Le cardinal Bo a nommément accusé les Etats-Unis de contribuer ainsi à « l’injustice environnementale et l’injustice écologique ». « Les gaz de serre qui augmentent le réchauffement global sont émis par les pays riches. Les États-Unis, qui ont une population d’environ 6 % de la population mondiale, produisent 40 % des gaz à effet de serre. Qui meurt ? Les pauvres. Les pays pauvres sont les plus vulnérables au réchauffement global. Les cyclones, les tremblements de terre et les inondations créent les milliers de victimes des catastrophes naturelles. C’est du terrorisme écologique. Les puissants de ce monde décident qui doit vivre ou mourir. Les terroristes économiques et écologiques sont déchaînés contre les pauvres », a-t-il renchéri.
 

La vénération du catholique doit s’inspirer des religions orientales…

 
Révolutionnaire ? Vous ne croyez pas si bien dire. Le cardinal Bo en appelle à une « nouvelle théologie de la libération, verte ». « Il nous faut une révolution majeure – une révolution de la pensée – une révolution de notre théologie. Nous devons développer une éco-théologie – une théologie qui sache intégrer la création de Dieu comme cause et source de notre contemplation », a-t-il dit – rien moins.
 
Et pour bien montrer que cette terminologie ne doit rien au hasard, le cardinal Bo a précisé qu’il y a 30 ans, des théologiens comme le père Gustavo Gutiérrez ont répondu aux cris des pauvres : « Ce fut l’explosion de la théologie de la libération.
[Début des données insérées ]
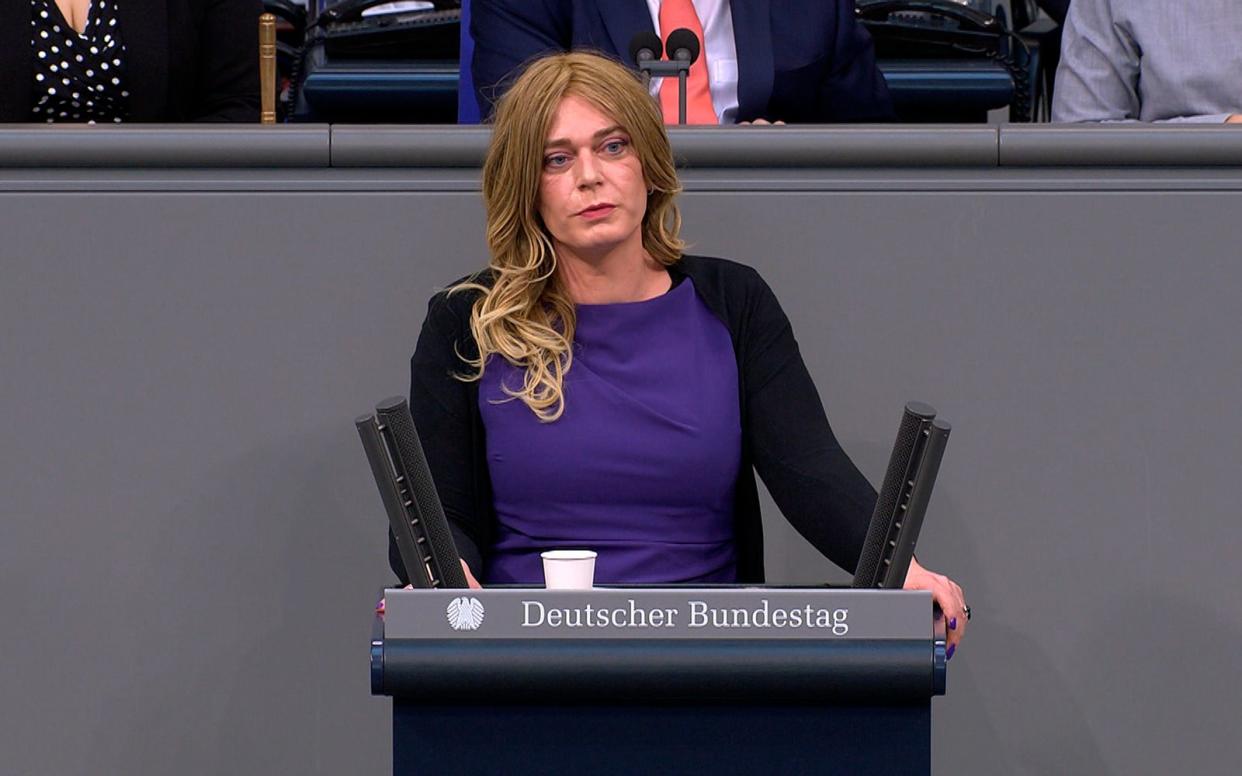 Tessa Ganserer sitzt für die Grünen im Bundestag. Die Abgeordnete ist trans und regelmäßig Anfeindungen ausgesetzt. (Bild: WDR /Doclights / Bundestag)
Mais les théologiens comme Léonardo Boff soulignent que la théologie de la libération doit être complétée par une éco-théologie parce que le cri des pauvres est souvent causé par le cri de la Terre. »
 
Les contours de cette éco-théologie sont déjà bien précis dans l’esprit du cardinal. Les religieux devront participer à cette diffusion tout en contribuant à contrer la dégradation écologique, en luttant pour la justice écologique, en entreprenant une « évangélisation écologique », en prenant davantage en compte les traditions religieuses indigènes et en écoutant les religions orientales et leur concept de « l’inter-être » (cher au bouddhisme) avec la nature, qui affirment, plus que les religions judéo-chrétiennes, le caractère sacré de l’écologie, a affirmé le cardinal cité en style indirect par le National Catholic Register.
 
Le cardinal a appelé les religieux catholiques à constituer une contre-culture face à l’avidité et au consumérisme qui sont à la racine de beaucoup de problèmes environnementaux, poursuit le média catholique : mais c’est en embrassant une simplicité et une éco-spiritualité illustrée par les religions orientales, là encore. Les moines bouddhistes, par exemple, n’ont le droit de rien posséder sinon une sébile, une aiguille et du fil. Les religieux catholiques orientaux « doivent adopter un style de vie qui ressemble davantage aux religions orientales : simplicité et vénération de la nature ».
 

Le cardinal Charlos Bo, un homme du pape François

 
L’appel à la pauvreté des religieux catholiques est une réalité de toujours, mais c’est une pauvreté pour Dieu et pour la charité, qui ne verse pas dans l’adulation du créé, ou du néant…
 
Lors d’un entretien qui a suivi son discours, le cardinal Bo a précisé que son « message vaut pour le monde entier et pour l’Amérique ». « Nous devons nous respecter les uns pour les autres en tant qu’être humains. Il y a une interconnexion avec les plantes et les animaux et l’environnement. »
 
Le cardinal Bo est décidément un homme du pape François dans tous les sens de ces termes. Il fait écho à de nombreux parti-pris de l’encyclique écologique Laudato si’ : il est sur la même ligne ; une ligne de rapprochement avec les autres religions, au besoin présentées comme meilleures que la religion catholique, pour la protection de la « Maison commune », comme le dit le pape (à la suite de Gorbachev) et de la « Terre-Mère », expression que François ne rejette pas.
 
Charles Bo a été créé cardinal par le pape François en 2015.